Сколько времени осталось у нее для того, чтобы понянчить ребенка, которого носит под сердцем невестка? Его ждут в апреле. Она подсчитала. Ей оставалось четыре или пять месяцев до… довольно! Не следует поддаваться этим мыслям, впадать в чрезмерную сентиментальность!

Она увидит сына Арно! Разве не это главное? Он родится при ней, у нее будет эта последняя радость…

Она стряхнула эти мысли.

— Вы правы, дорогая. Снег наводит меланхолию. Может быть, потому, что пробуждает воспоминания, которые мы неминуемо связываем с настоящим?

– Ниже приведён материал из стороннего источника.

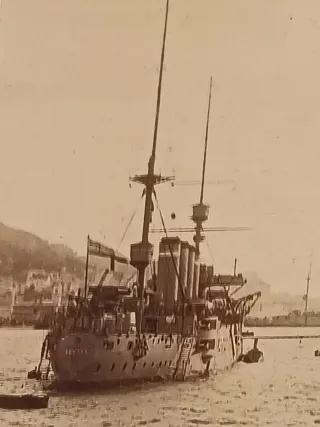 Foto original naval militar acorazados Gibraltar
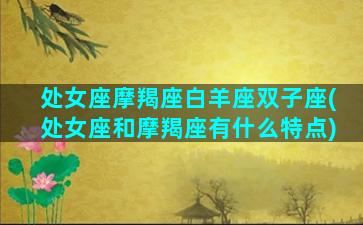 处女座摩羯座白羊座双子座(处女座和摩羯座有什么特点)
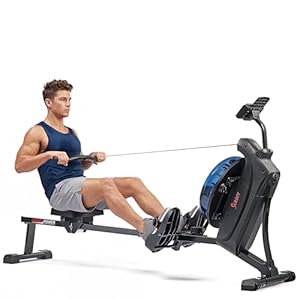 Sunny Health & Fitness Elite Wasser-Rudergerät mit Vertikalem Wassertank und Hoher Dynamischer Widerstandskraft, Gelenkschonendes Ganzkörpertraining Sowie Optionale Kostenlose SunnyFit-App-Anbindung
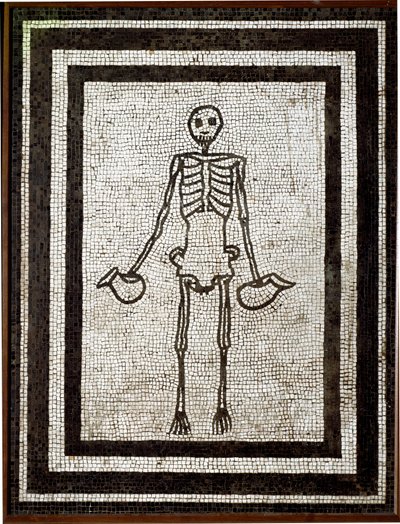 Romeinse kunst: skelet met askos. Mozaïek afkomstig uit de Vesuvius-regio. 4e stijl. 1e eeuw v.Chr. Dim. 91x70 cm Museo Archeologico Nazionale, Napels door Roman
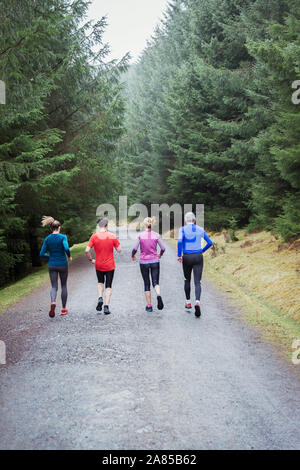 Famiglia di jogging sul sentiero nel bosco Foto Stock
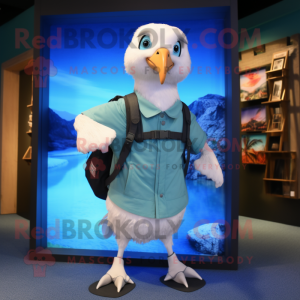 Hvit albatross maskot drakt...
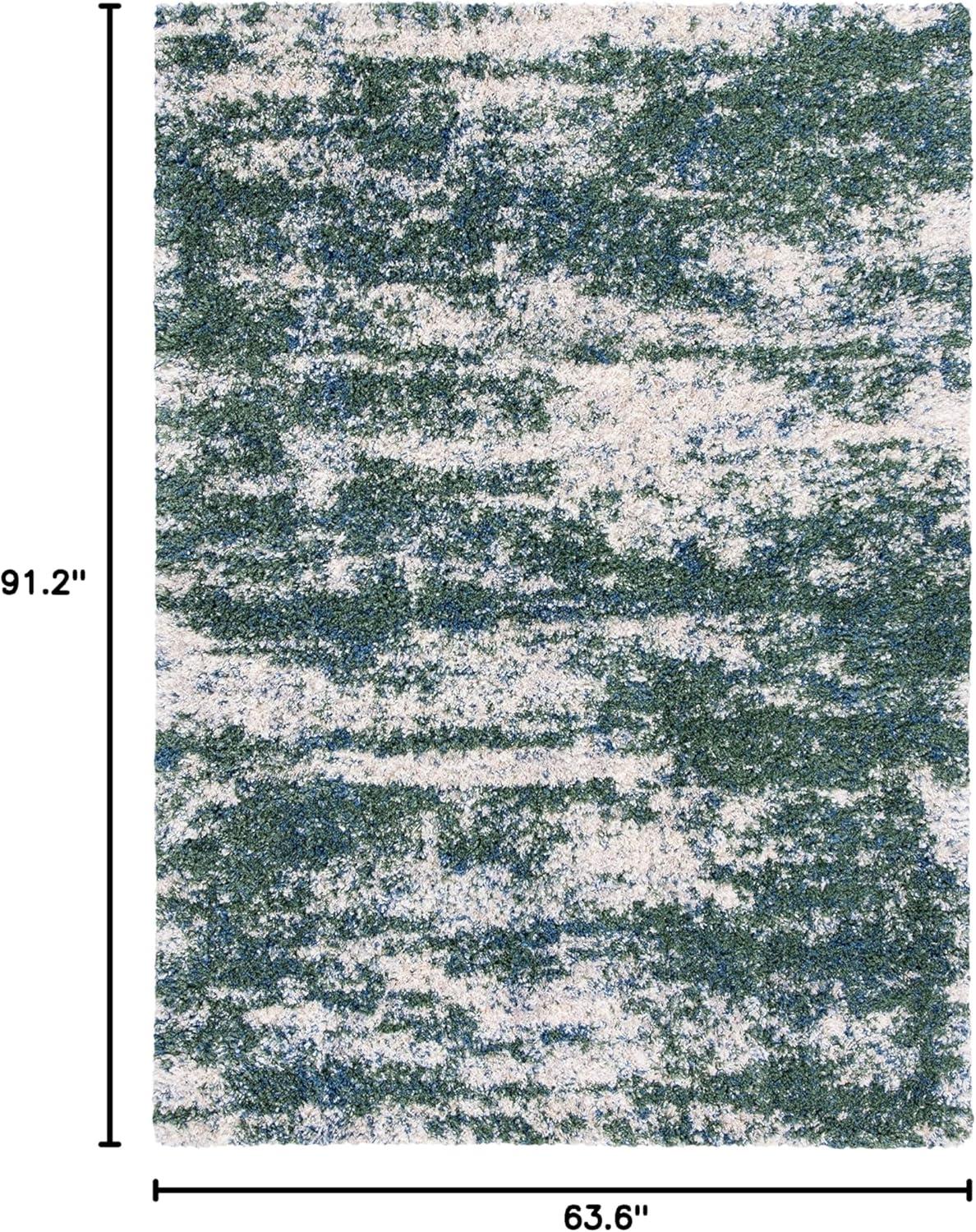 image:imageSAFAVIEH Area Rug 8x10 Berber Shag Collection Large Grey Blue amp Cream NonShedding amp Easy to Clean Ideal for Living Room Bedroom Dining Space BER219GGreenBeige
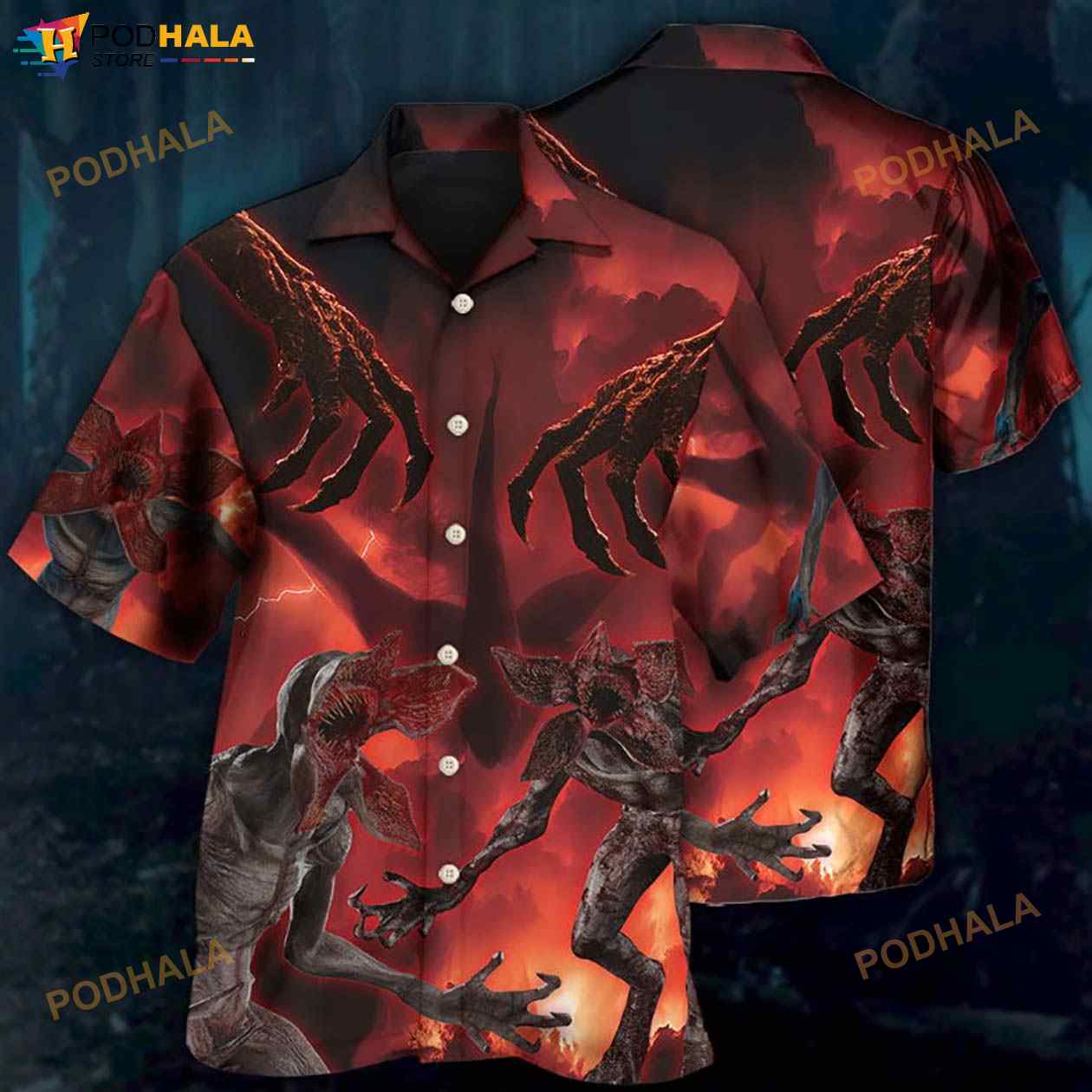 Demogorgon Scary Monster Universe 3D Funny Hawaiian Shirt Demogorgon Scary Monster Universe 3D Funny Hawaiian Shirt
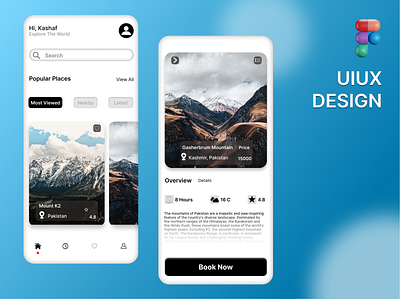 Trip Tact Booking App bookingapp conceptualdesign creativelayout easetotravel exploretheworld figma figmaexpert hicking mobileappdesign onlinebooking overviewoftheapp tracking traveltheworld triptact uiuxdesign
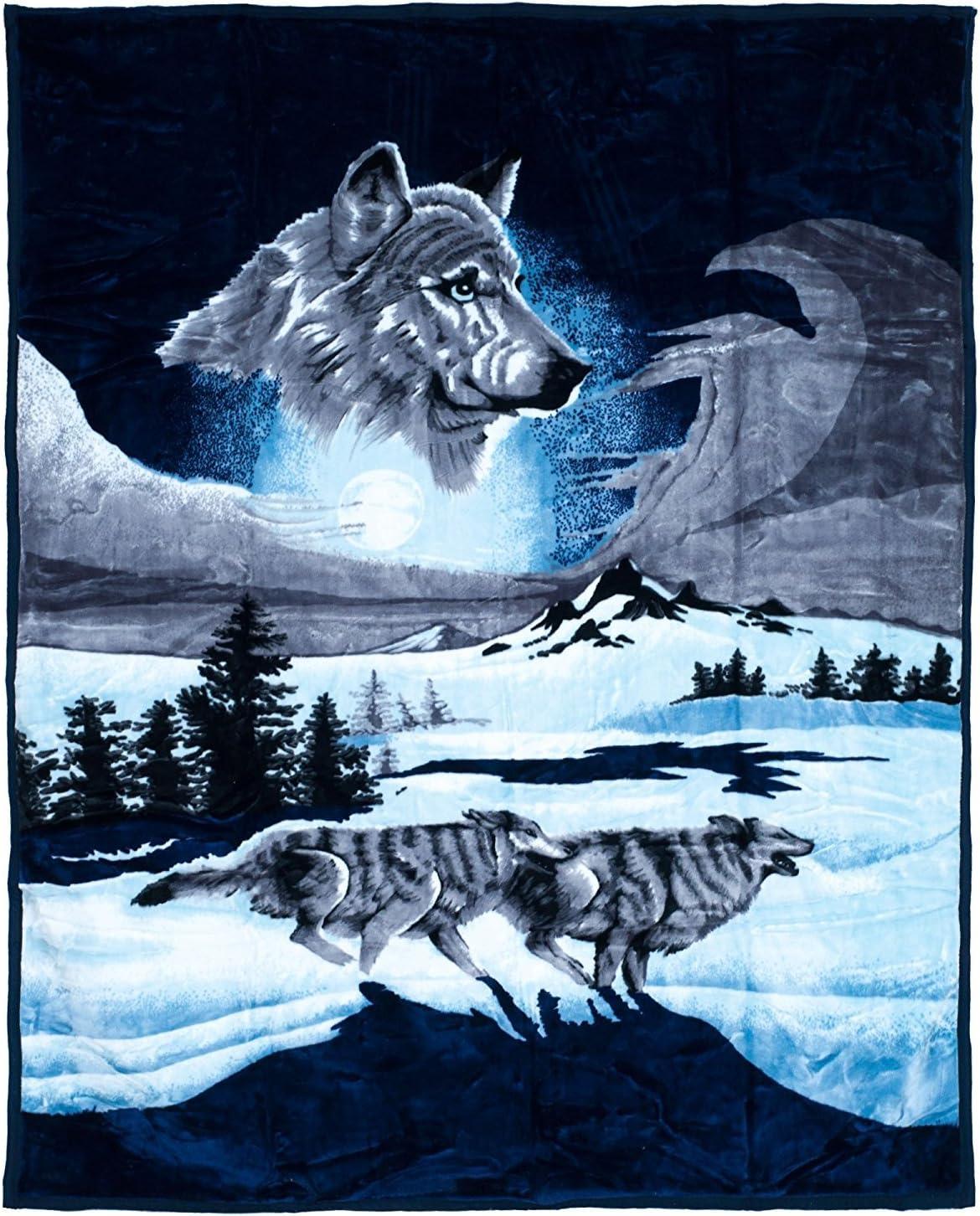 imageLavish Home Wolf Blanket 74x91inch Printed Winter Wolf Blanket Plush Thick 75lb Faux Mink Queen Throw for Couch Sofa or BedMulticolor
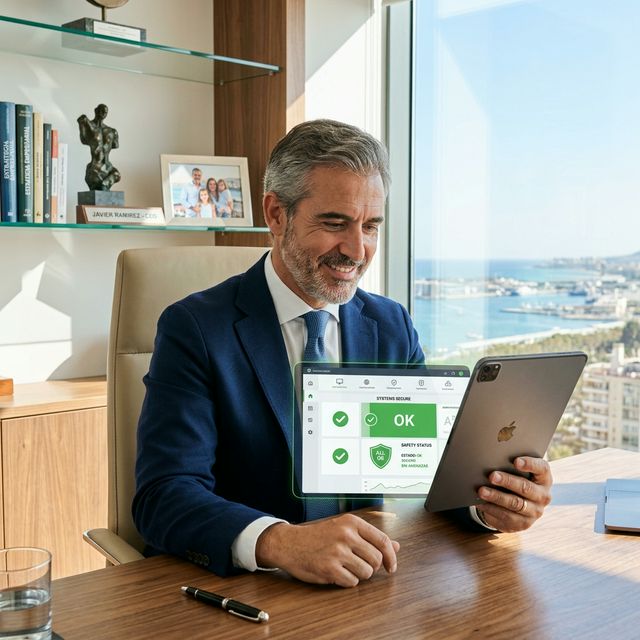 Empresario de Málaga revisando el estado de ciberseguridad de su empresa en una tablet con indicadores positivos de protección.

Джуния знала о смерти маленького Готье. Повинуясь сердечному порыву, она коснулась пальцами руки Матильды.

— Не надо думать о том, кто ушел, мама, давайте надеяться на того, кто должен прийти.

Взгляд ее глаз, на белки которых ложился отсвет смугловатой кожи лица, из-под густых, как у олененка, ресниц был исполнен такого участия и внимания, что Матильде сразу стало спокойнее.

— Вы правы, доченька. Надо думать лишь о будущем и об этом ребенке, которого мы ждем от вас.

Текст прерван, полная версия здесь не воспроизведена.